Enfrentamento a Cultura da Morte

    O nosso Plano de Pastoral de Conjunto afirma o seguinte: “O serviço testemunhal à vida, de modo especial à vida fragilizada e ameaçada, é a mais forte atitude de diálogo que o discípulo missionário pode e deve estabelecer com uma realidade que sente o peso da cultura da morte. Na solidariedade de uma igreja samaritana, o discípulo missionário vive o anúncio de um mundo diferente que, acima de tudo, por amar a vida, convoca à comunhão efetiva entre todos os seres vivos”.

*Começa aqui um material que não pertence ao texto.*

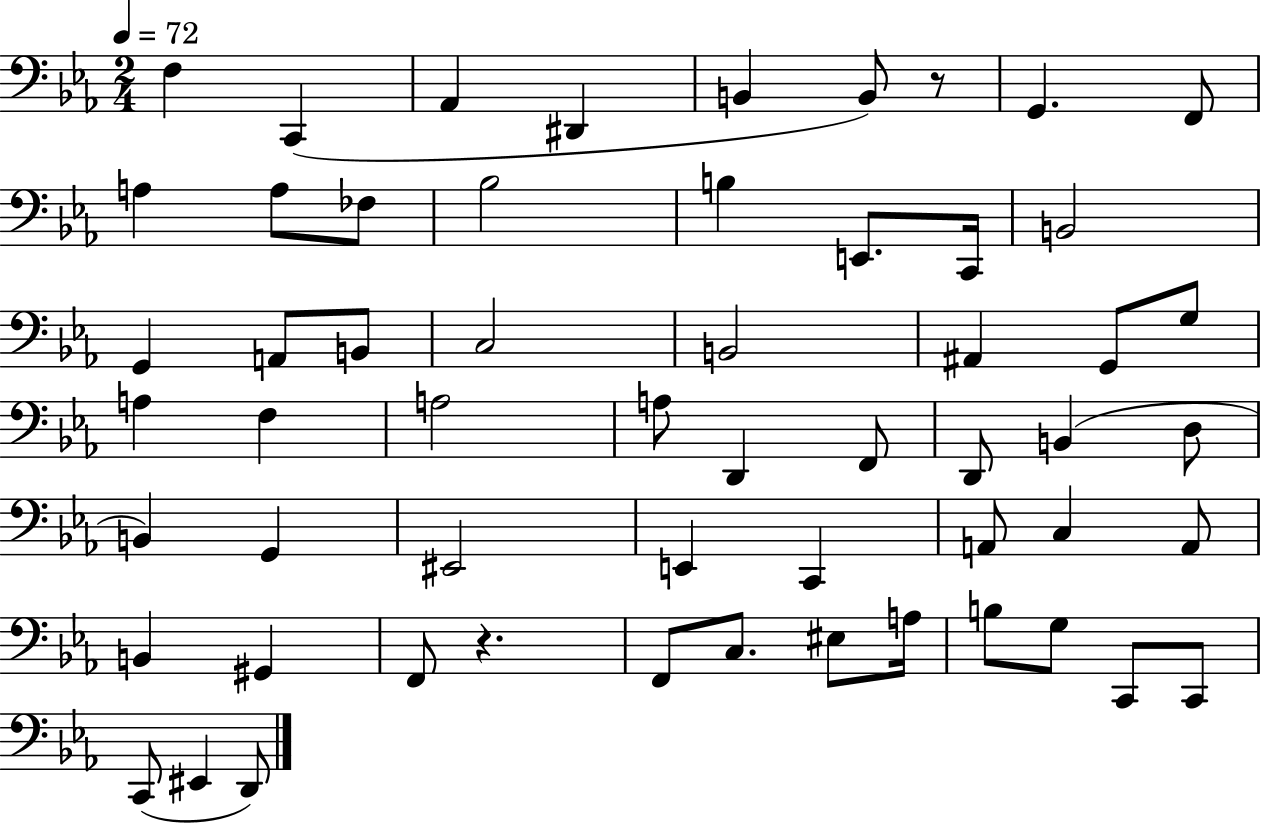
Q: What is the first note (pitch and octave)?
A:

    Durante a Quaresma, a Campanha da Fraternidade sempre nos coloca diante da realidade de forma profética, para que os nossos olhos se abram e possamos perceber os tentáculos da cultura da morte que pesam sobre a nossa realidade. Neste ano, o assunto é o tráfico de pessoas.  Precisamos ter clareza sobre este problema, seu alcance e seus efeitos para que, como igreja samaritana, possamos fazer com que o Evangelho se torne concreto nos nossos relacionamentos, e a obra evangelizadora e pastoral da Igreja e as nossas obras mostrem a Igreja como Sacramento de Salvação e caminho para o Reino definitivo.
    O tráfico de pessoas acontece de muitas formas e diferentes tipos de pessoas são explorados. Existe o tráfico para a exploração sexual, o trabalho escravo, a adoção ilegal e outros. Não existe uma categoria ou um grupo de pessoas que não seja, de alguma forma, ameaçado por ele.

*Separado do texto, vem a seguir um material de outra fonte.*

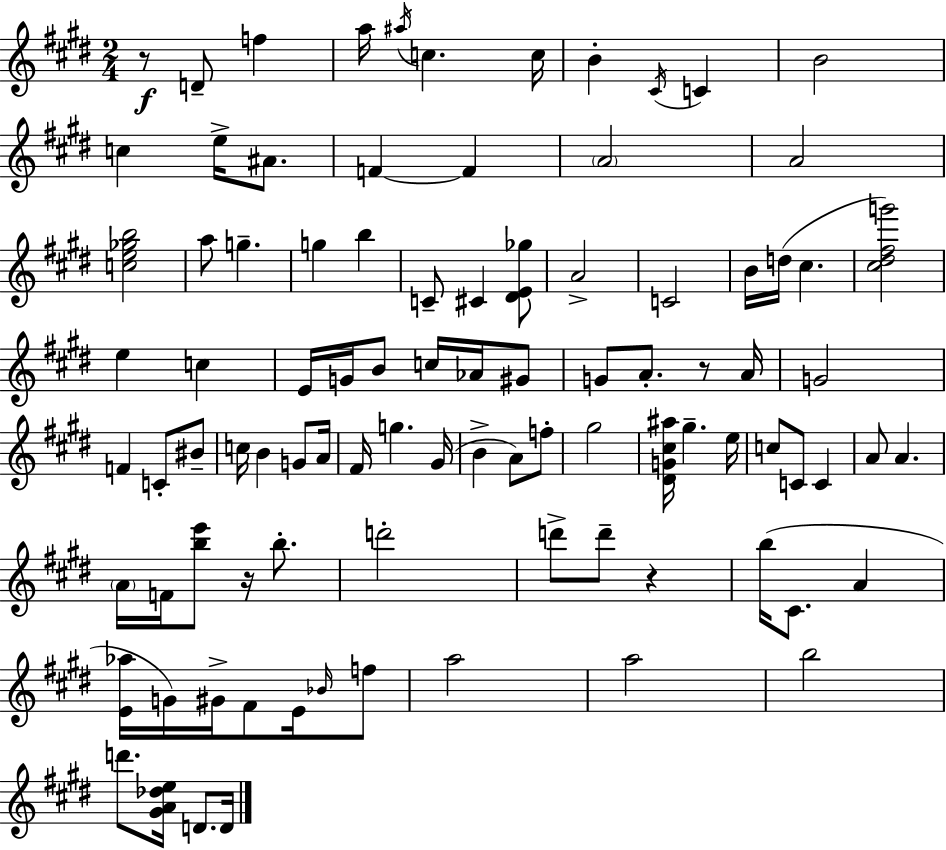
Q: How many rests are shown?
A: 4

    A grande causa do tráfico humano encontra-se na ganância, tão condenada por Jesus, principalmente por que coloca o econômico-financeiro acima do humano e explora o humano a partir das suas carências. Deste modo, à ganância se somam as diferentes formas de carência ou de sonhos pessoais que geram a necessidade de crescimento econômico. Carências como desemprego, subemprego, fome, saúde, educação, lazer etc., e sonhos acalentados, como ser modelo, artista ou jogador de futebol, muito sugestionados pela mídia. Assim, encontramos as principais causas do tráfico humano que precisam ser enfrentadas para que o tráfico de pessoas seja estancado nas suas raízes.

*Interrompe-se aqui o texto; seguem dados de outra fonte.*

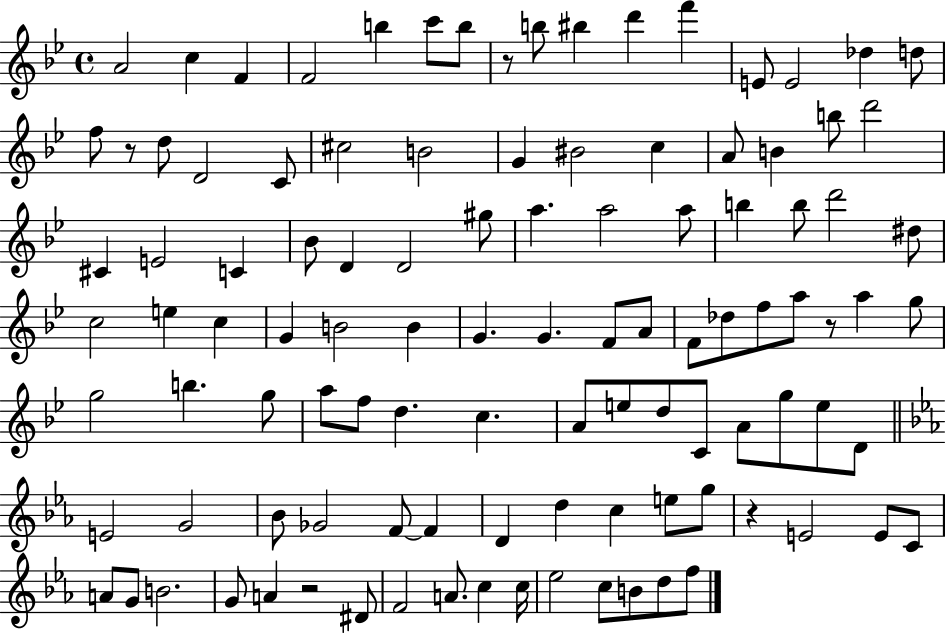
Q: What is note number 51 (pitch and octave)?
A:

    Esse estancamento exige, em primeiro lugar, políticas públicas adequadas para a superação das causas que foram apresentadas acima, pois não podemos desconsiderar o fato de que o tráfico de pessoas continua acontecendo e fazendo vítimas. Por isso, as políticas públicas também devem ser voltadas para a reinserção na vida familiar e social das pessoas que foram atingidas pelo tráfico humano e que tiveram a felicidade de serem resgatadas com vida. Precisamos de um trabalho preventivo que evite que o tráfico de pessoas promova o desrespeito à dignidade humana, aos direitos fundamentais da pessoa e à supressão da liberdade de muitos. Por outro lado, precisamos resgatar as vítimas do tráfico e lhes garantir o respeito à sua dignidade, aos seus direitos e à sua liberdade.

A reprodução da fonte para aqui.